[Your assignment] Here is the task for the listing below: output exactly the lines from the one containing "Couple wearing personalized" through the one containing "black toothbrush with", and leave out the pictures.

[Recorded information]
====

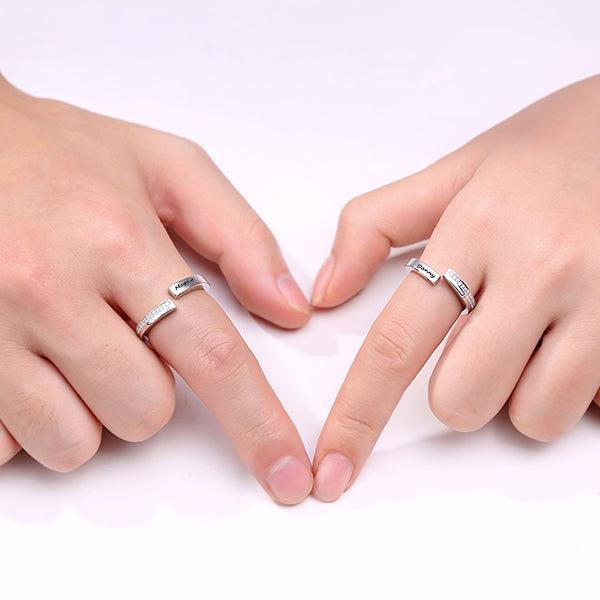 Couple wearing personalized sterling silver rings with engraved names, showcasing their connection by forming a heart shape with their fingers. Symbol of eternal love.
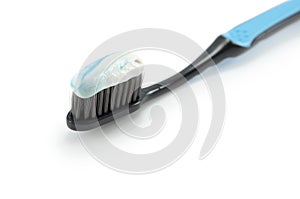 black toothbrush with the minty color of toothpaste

====

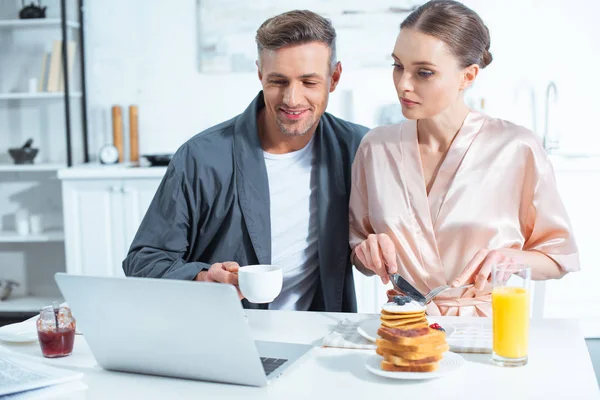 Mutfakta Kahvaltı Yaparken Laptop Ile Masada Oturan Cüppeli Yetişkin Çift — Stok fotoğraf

====

[Exercise output]
 Couple wearing personalized sterling silver rings with engraved names, showcasing their connection by forming a heart shape with their fingers. Symbol of eternal love.
 black toothbrush with the minty color of toothpaste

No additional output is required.